While DoD plans to reduce procurement quantities in a number of areas to meet budget targets, it still aims to make investments in other areas, such as cybersecurity and electronic warfare.
“It’s an area we’re not only protecting our investments in, but making bigger investments,” Carter said of cybersecurity.
Carter said he is “still not remotely satisfied with where we are in dealing with cyber.”
As for electronic warfare, it is an area DoD has “undervalued and understressed in the recent past and in some cases fallen a bit behind, lost some of our edge,” Carter said. “We need to catch up.”
Speaking at the conference, Air Force acquisition executive David Van Buren called on industry to innovate in the cyber arena.
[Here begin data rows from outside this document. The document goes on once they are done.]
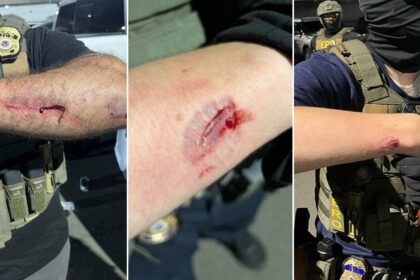 Anti-ICE agitator charged with allegedly biting officers during Delaney Hall clashes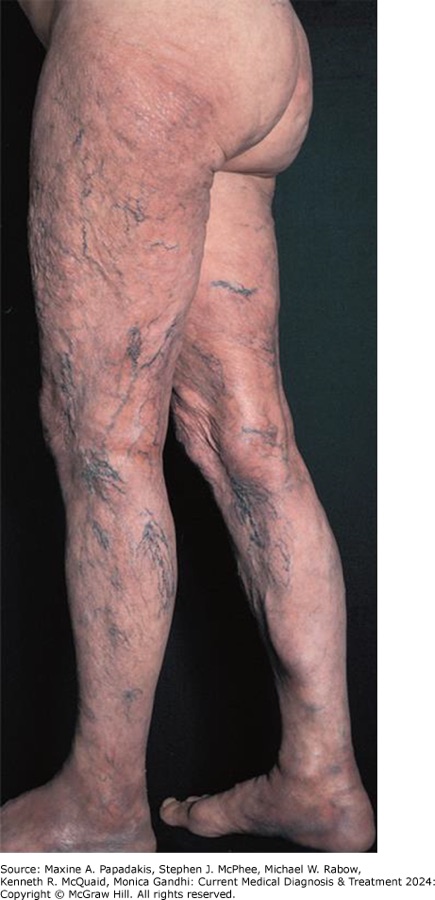 Stage 3: acrodermatitis chronica atrophicans - atrophic, translucent skin with veins showing through. Slide 76, the picture that follows the Stage 3 slide.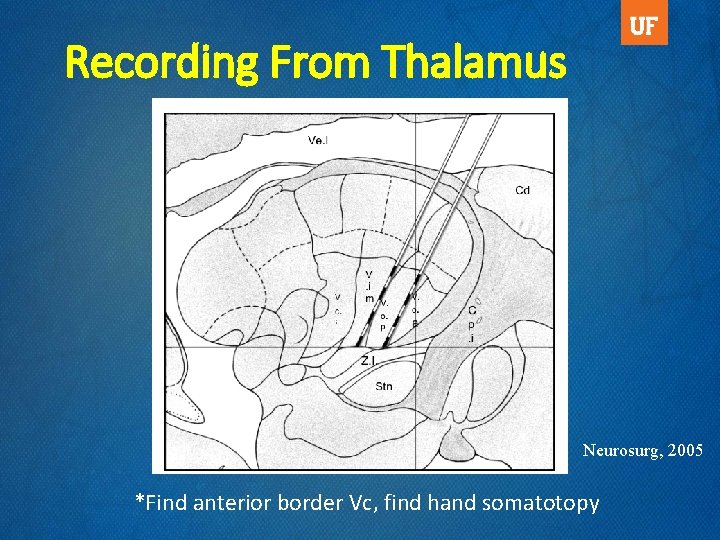 Recording From Thalamus Neurosurg, 2005 *Find anterior border Vc, find hand somatotopy 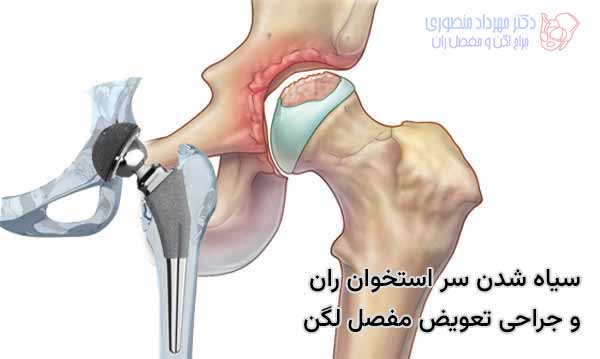 از درمان های مهم سیاه شدن استخوان لگن جراحی توتال هیپ است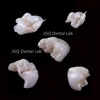 Digital Empress Onlay And Inlay Customized By Dental Prosthesis Laboratory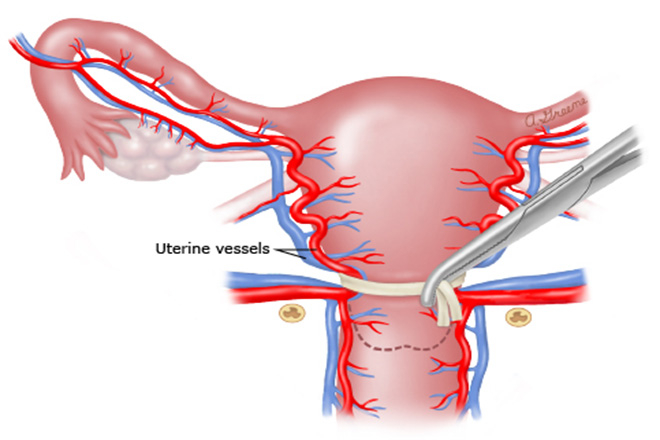 Băng huyết sau sinh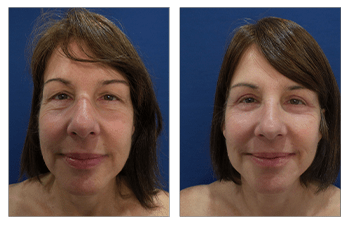 No upper eyelid surgery goes wrong - before and after result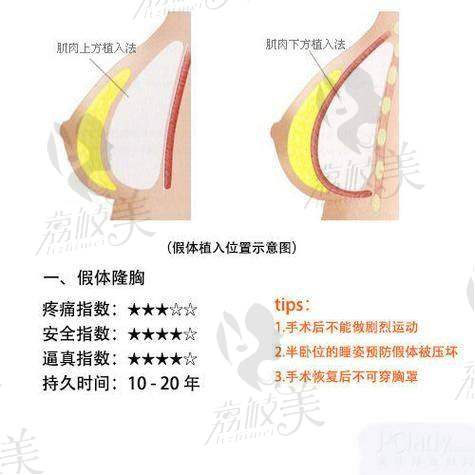 南昌阅美医疗美容吕建华傲诺拉假体隆胸88000元起,精湛技术塑造自然美胸效果!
“People are looking for new ideas,” he said. “For you and industry, that’s an area that you might focus on a little more.”
Cyber is the only area in the Air Force budget that is growing, Gen. Norton Schwartz, the Air Force chief of staff, said at the same conference.
“This is a place for imaginations to move quickly,” Schwartz said. “We certainly are endeavoring to allow our imaginations to expand.”
Carter said he is “particularly worried about the effect of jammers on our large, installed base radars.”
Last summer, defense officials began looking at DoD’s electronic warfare portfolio for areas “where we have fallen behind in expectation,” Carter said.
“Fortunately, in many cases, with a reasonable investment, we can catch up quickly,” he said. “We still have the expertise in some places and government to do that.”
DoD has made strides in responding to electronic warfare over the last decade in Iraq and Afghanistan, Carter said, but these threats “aren’t as challenging” as ones the military could experience elsewhere.
“For any aircraft, however capable, however stealthy, to have a chance, it needs electronic warfare,” he said. “You can’t do all of that on board.”